● Activity
What you return should be the complete listing, unchanged, with no pictures in it.

Start of Information provided

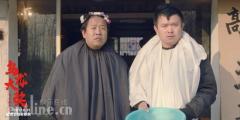 95后新锐导演开山之作:《乌龙大奖》震撼上线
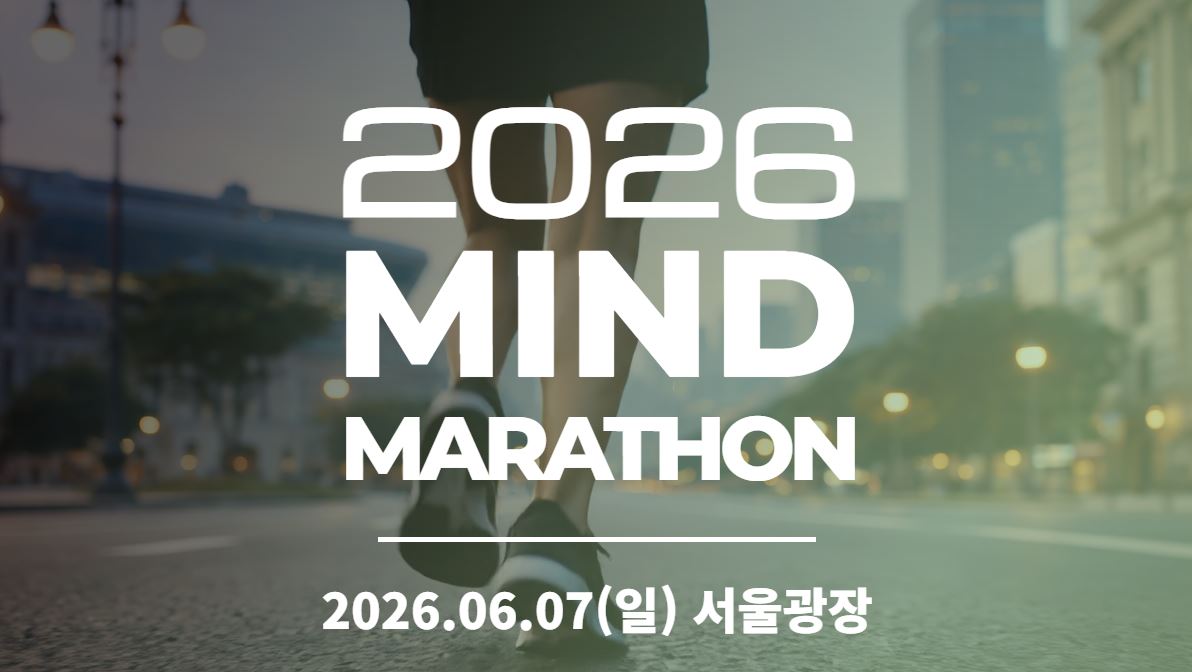 2026년 6월 7일 서울광장에서 출발하는 마인드 마라톤 신청 방법 안내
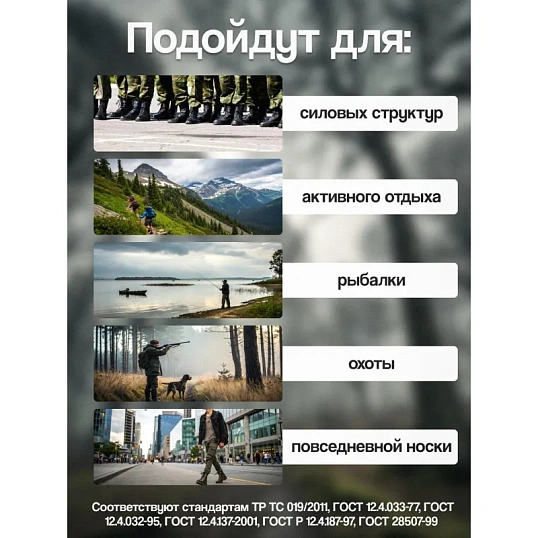 Ботинки с высоким берцем ОМОН 3219 ПУ, черный (42)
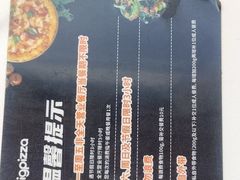 -比格比萨(勒泰中心店)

End of Information provided

● Response
 95后新锐导演开山之作:《乌龙大奖》震撼上线
 2026년 6월 7일 서울광장에서 출발하는 마인드 마라톤 신청 방법 안내
 Ботинки с высоким берцем ОМОН 3219 ПУ, черный (42)
 -比格比萨(勒泰中心店)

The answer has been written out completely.